(Reuters) – New orders for capital goods by U.S. businesses rebounded in August, pointing to underlying strength in the economy.
The economic outlook also got a lift from other data on Thursday showing only a marginal increase in the number of people filing new claims for unemployment benefits last week.
“This is supportive of the U.S. economy continuing to expand at a healthy pace in the second half of the year,” said Sam Bullard, a senior economist at Wells Fargo Securities in Charlotte, North Carolina.
The Commerce Department said non-defense capital goods orders excluding aircraft, a closely watched proxy for business spending plans, rose 0.6 percent. Orders for the so-called core capital goods orders fell by a revised 0.2 percent in July.
Last month’s increase was in line with expectations. Core capital goods orders were previously reported to have declined 0.7 percent in July.
While orders for long-lasting manufactured goods, items ranging from toasters to aircraft that are meant to last three years or more, fell a record 18.2 percent, that was payback for an aircraft-driven jump in July.
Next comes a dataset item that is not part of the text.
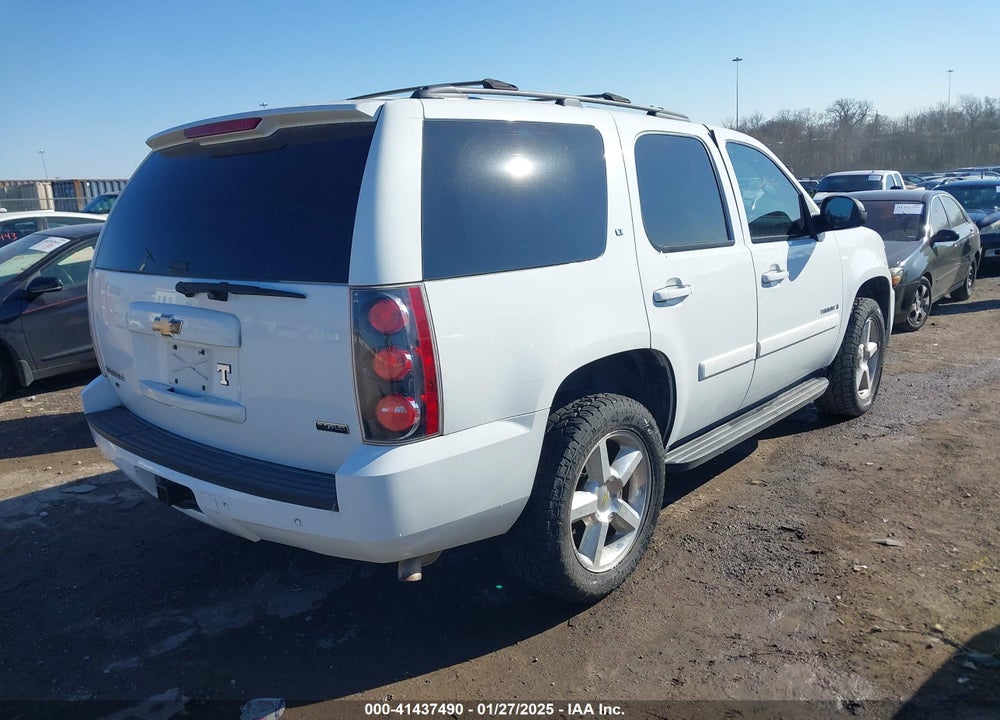 2008 CHEVROLET TAHOE LT W/3LT VIN: 1GNFC13078J137307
Durable goods orders increased 22.5 percent in July, the largest gain since the government started tracking the series in 1992, as civilian aircraft orders soared 315.6 percent. Orders for the volatile transportation category declined 42.0 percent last month as aircraft orders tumbled 74.3 percent.
Boeing (BA.N) reported on its website that it had received 107 orders last month, a third of July’s outsized gains. Automobile orders fell 6.4 percent following a 10.0 percent increase the prior month.
The underlying trend in new orders, however, is up and further gains are likely in the months ahead.
A manufacturing survey early this month showed a measure of new orders jumped to a near 10-1/2-year high in August and businesses showed an increased appetite for capital spending.